Die Messe des Operngesangs

(Gütersloh, 15.10.2017) Die Bertelsmann Stiftung veranstaltet seit 30 Jahren einen der wichtigsten internationalen Gesangswettbewerbe, der nicht einfach nur Fördergelder verteilt, sondern einer Kontaktbörse der Opernszene gleicht – sechs strahlende Sieger aus sechs Nationen setzten sich jetzt im Finale durch

vonPeter Krause,

Die Liste bisheriger Preisträger des Gesangswettbewerbs „Neue Stimmen“ liest sich das Who ist Who der aktuellen Opernszene: Bayreuths Wotan Michael Volle gehört ebenso dazu wie Wagner-Bass René Pape, die lettischen Sopranistinnen Kristīne Opolais und Marina Rebeka heimsten ebenso Preise ein wie Londons sehr junge und sehr gute aktuelle Mimi, Nicole Car, oder Countertenor Franco Fagioli. Ob wir von den drei jungen Sängerinnen und drei jungen Sängern aus sechs verschiedenen Nationen, die jetzt das Rennen gemacht haben, schon bald in diesem Maße hören werden? Das wird sich zeigen müssen. Einstweilen gilt: Nicht nur dem Geldbeutel hilft es, sondern die eigene Biografie schmückt es, sich in einem der wichtigsten wie am besten dotierten internationalen Gesangswettbewerbe durchzusetzen. Beworben hatten sich diesmal 1430 Hoffnungsträger aus 76 Ländern. Für die Endrunde im Bertelsmann-Stammsitz Gütersloh hatten sich 42 zukünftige Opernsänger qualifiziert. Zehn traten jetzt im Finale, begleitet von den Duisburger Philharmonikern unter Graeme Jenkins, gegeneinander an.

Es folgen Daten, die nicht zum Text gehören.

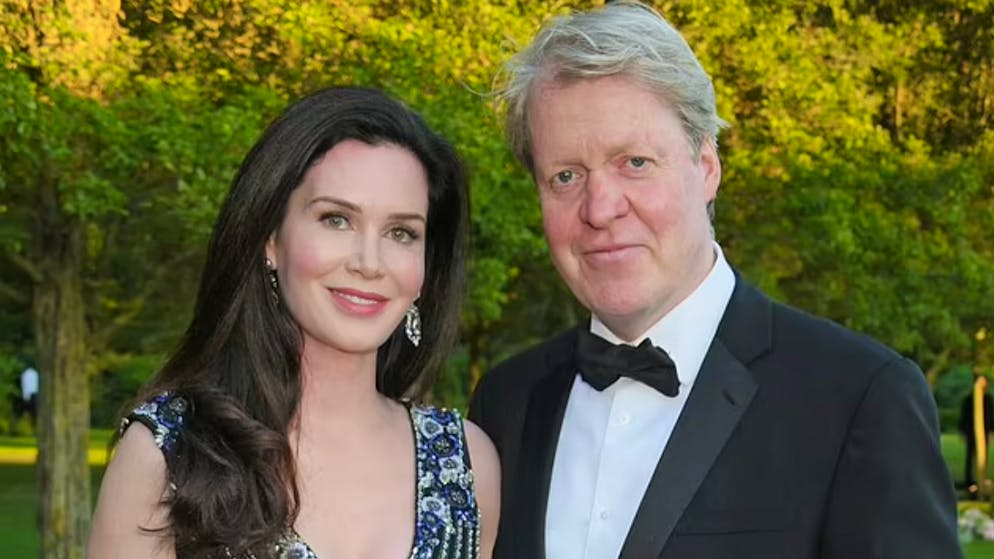 Karen Spencer und ihr Ehemann Earl befinden sich momentan in einem Rechtsstreit wegen einer angeblichen Affäre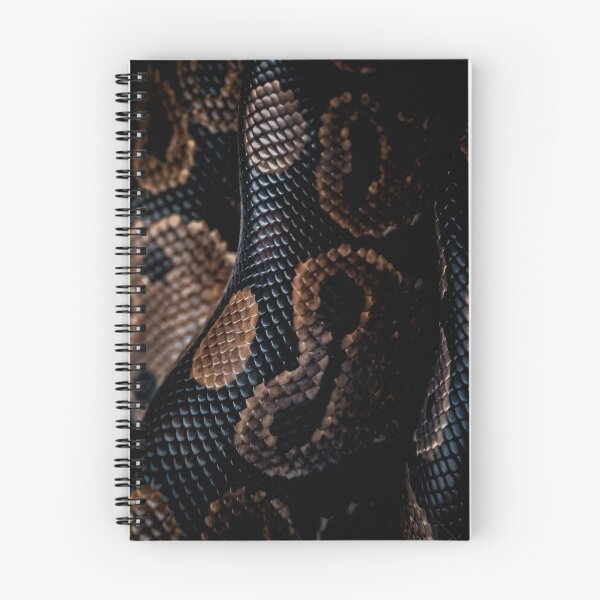 Item preview, Shiny snake skin  designed and sold by kee-bee-shots.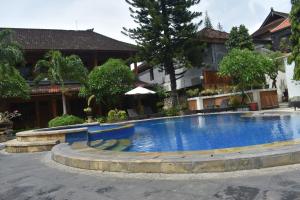 bendesa accommodation
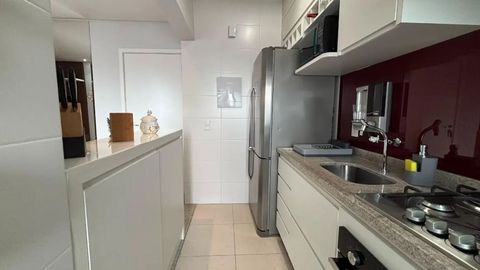 Foto Apartamento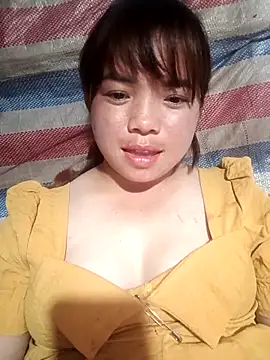 Snapshot of AnHa19 chatting on 10-10-25, 01:10 AnHa19 online show from 10-10-25, 01:10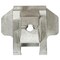 Auveco Extruded U-Nut M4.2-1.41 Screw Size, 25PK 22580 - alternate 3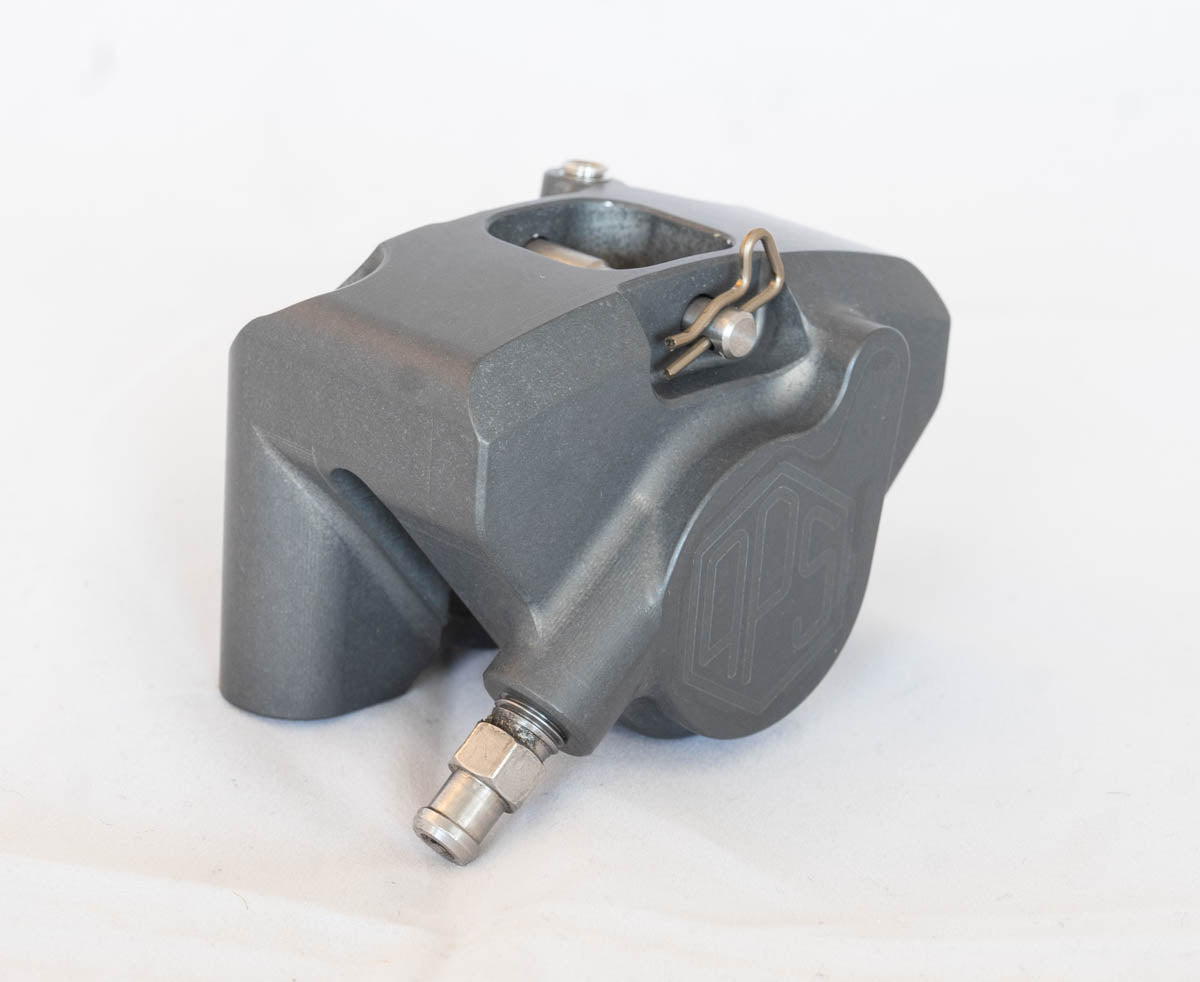 APS Radial Duo-Caliper (RH) | Formula Student Series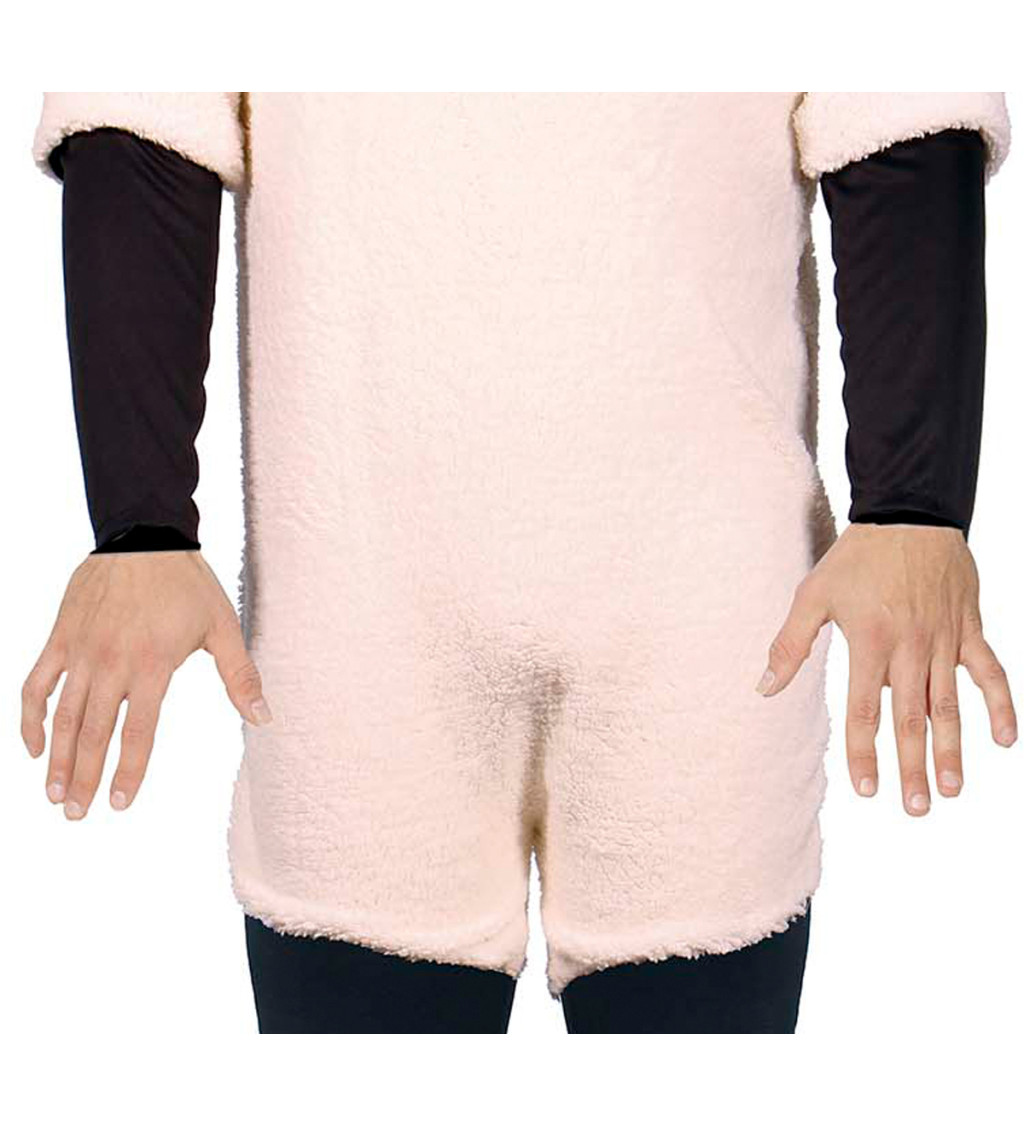 Kostým – Mužská ovce (Overal)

Präsidentin Liz Mohn weist stolz auf das Erfolgsmodell des Wettbewerbs hin

Das Augen- und Ohrenmerk auf den damit zu Ende gegangenen Wettbewerb war überdurchschnittlich. Schließlich führt die Bertelsmann-Stiftung den Wettbewerb „Neue Stimmen“ seit nunmehr 30 Jahren durch. Entsprechend hochgestimmt wies Liz Mohn als Präsidentin der „Neuen Stimmen“ auf die Erfolge einer nachhaltigen Nachwuchsförderung hin. Denn hier wird ja nicht nur öffentlichkeitswirksam Fördergeld verteilt, hier erhalten junge Künstler individuelles Coaching und Beratungsgespräche, gerade dann, wenn’s für einen Preis dann doch nicht gereicht haben sollte. Und Agenten wie Vertreter von Opernhäusern sind verstärkt anwesend, um als veritable Trüffelschweine die potentielle nächste Netrebko möglichst schnell an sich zu binden und nicht an die Konkurrenz zu verlieren. Der Wettbewerb ist kein L’Art pour L’Art, er ist Messe, Kontaktbörse. Und die hilft nicht zuletzt den Sängern selbst.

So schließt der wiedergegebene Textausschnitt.